Old-Line Lodging on the Lakes

By Mike Steere

Lakeside lolling is a Midwest tradition. Honor it in Gilded Age style at the 320-room Grand Hotel on Mackinac Island, queen mother of Great Lakes resorts. The 660-foot-long porch is a thing of languorous splendor with 220 rocking chairs, the better to contemplate brightly gardened grounds and the Straits of Mackinac, where Lakes Huron and Michigan meet. Some four-fifths of the 2,300-acre Mackinac Island is state parkland, most of it white pine and birch forest, and motor vehicles, even mopeds, are verboten. Dressing up after 6 P.M.--the rule at the hotel since it was built in 1887--makes a kicky close to a day of cycling, hiking, or in-line skating on paved and dirt roads and trails. The Grand's per-person rates ($160, $140 after Labor Day) include breakfast and a formal five-course dinner. For reservations call 800-334-7263 or 906-847-3331.

Watch the Great Lakes' grand exit from Lake Ontario into the head of the St. Lawrence River at Ivy Lea Resort & Marina (800-342-2935 or 613-659-2329), just over the Canadian border. In the 1870s, Captain E. W. Visger, who skippered an excursion boat, built a wood-frame lodge that still stands as Ivy Lea's lacy-looking main building and dining hall. Now on the mend after years of neglect, the resort faces the Navy Group of the Thousand Islands, which are really more like 1,500 islands, in Ontario and New York. Hang out in the historic lodge but sleep in recently renovated motel units (doubles, $47; $34 after Labor Day) or in three-bedroom cottages that take up to eight ($67, $48 after Labor Day). Bring wheels to ride the 22-mile bikeway along the river, or a kayak to lose yourself in the islands. Swim from two beaches, or just explore the resort's 45 wooded acres. The resort is about three miles west of the Interstate 81 bridge, 104 miles from Syracuse, New York.

Life was once very earnest and right-thinking in Lakeside on Lake Erie, on Ohio's Marblehead Peninsula, where Methodists first held summertime camp meetings in 1873. The half-mile-square grounds became and remain a traditional Chautauqua colony, with a 92-room clapboard hotel that dates to 1875 and some 800 family cottages, many of them dangerously cute gingerbread mini-Victorians. After Labor Day, the colonists' summer of concerts, lectures, and G-rated entertainment ceases, the hotel closes, and Lakeside slips into a righteous hush.

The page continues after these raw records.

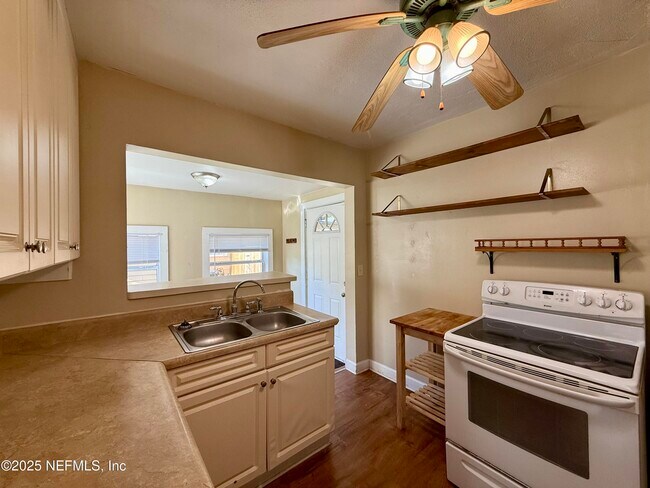 Building Photo - 625 Meteor St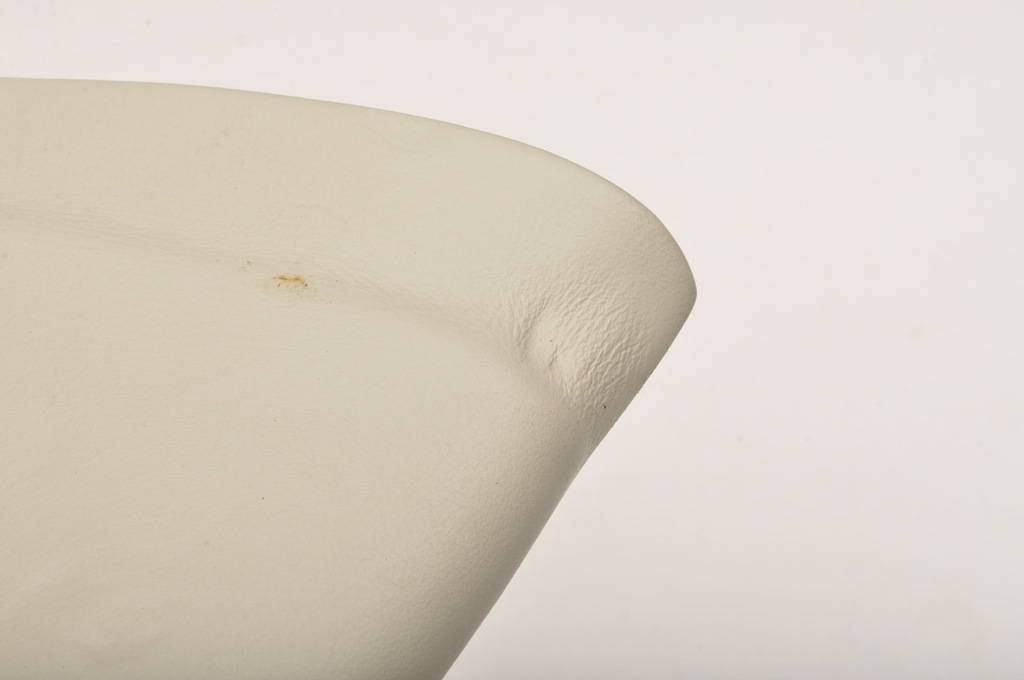 фото №7, Aston martin db9 защита панель задняя 4g43-601a55-aa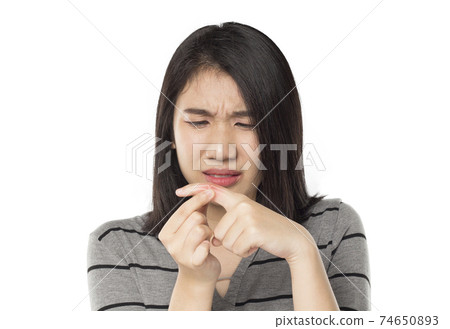 finger bone injury 74650893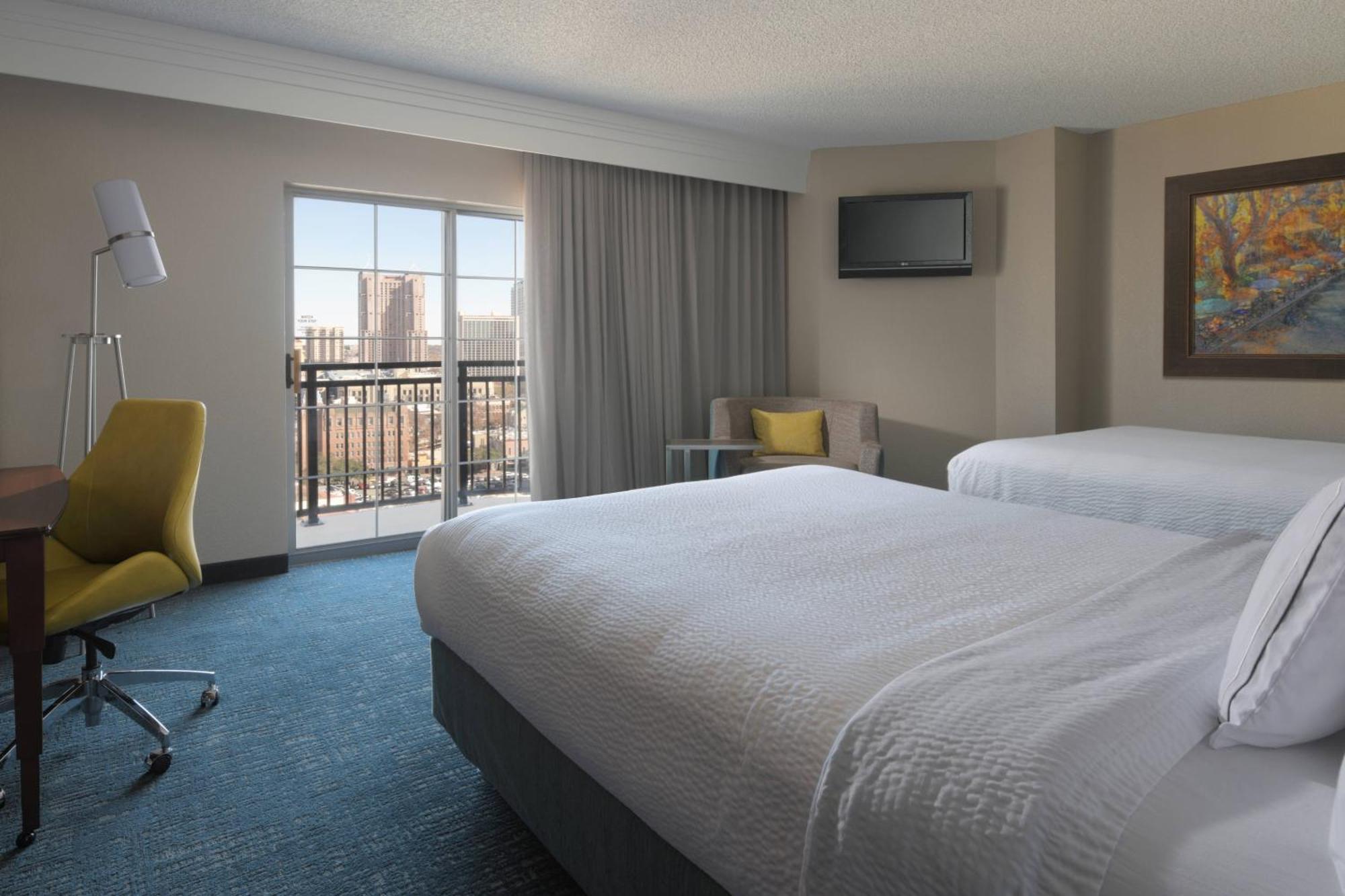 Courtyard By Marriott San Antonio Riverwalk Zewnętrze zdjęcie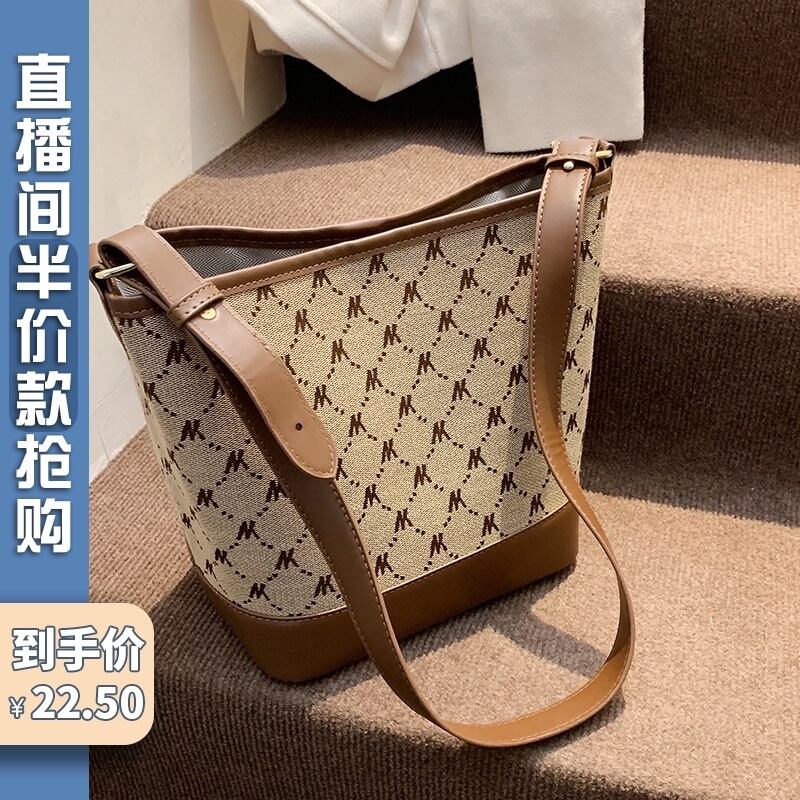 オータムウィンター 秋物 冬物 メッセンジャーバッグ Tiancai_Wing_Bag59323451670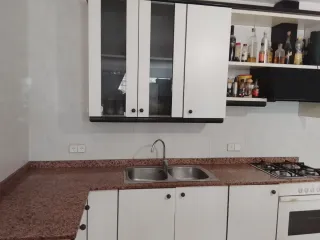 Se regalan muebles Cocina y encimera de granito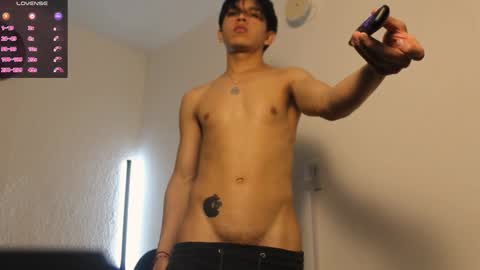 Adrian  Chlloe online show from 11/22/25, 09:58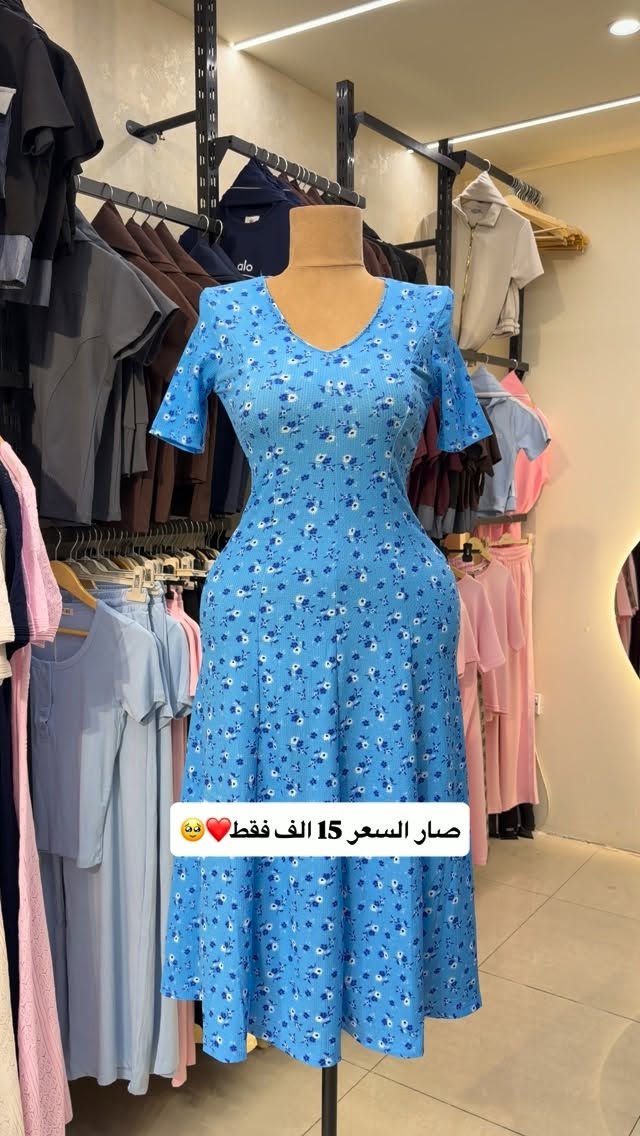 الموسم الصيفي ويانا غير😍❤️
فستان خامه صيفيه بارده🫰🤍
متوفر بجميع القياسات والالوان💕✨

نص مكتوب في الصور:
- صار السعر 15 الف فقط 🥺❤️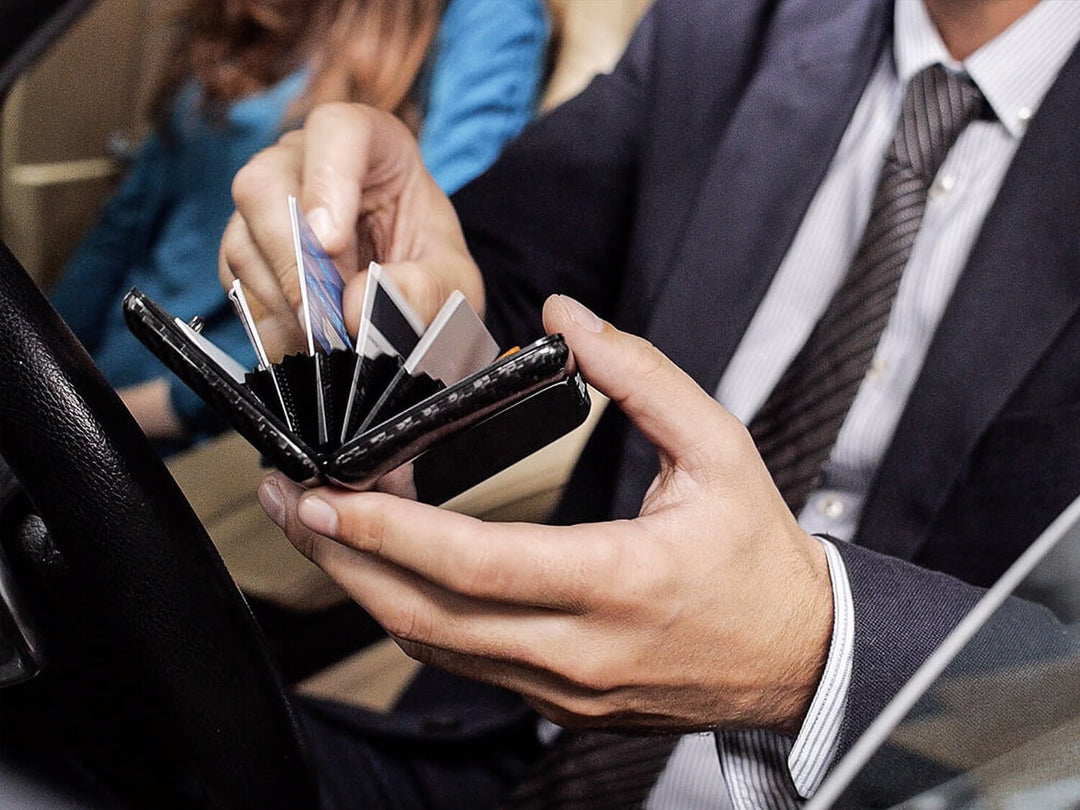 Ogon Smart Case V2 (formerly Stockholm V2) carbon fiber wallet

Slip into it yourself, with lake swimming, cycling, and strolling, by setting up house in one of the cottages that owners rent out for about $350-$1,100 per week. Contact the Lakeside Association (419-798-4461). Lakeside is about 90 miles west of Cleveland, 115 miles east of Detroit.

Jolli Lodge, on Lake Michigan south of Leland, Michigan, a couple miles from Sleeping Bear Dunes National Lakeshore, time-warps back to the 1950s, with kitsch-comfy furnishings gathered by a garage-sale-addict owner. Boomers might wake up imagining they're still in fourth grade. The illusion can be shaken off on land, which rises in Saharalike dunes and forested hills, or on the lake, ringed by some of the country's most glorious beaches. The younger members of the Jolliffe family, who now manage the resort, are gung-ho cyclists, sea kayakers, and all-around outdoorsies and will point the way for you. Through Labor Day, the 16 one- to three-bedroom cabins with kitchenettes rent strictly by the week; only six lodge rooms, $60-$75, are available nightly. Then things get looser, with daily cabin rates of $75. Call 616-256-9291. Leland is 289 miles from Detroit, 342 from Chicago.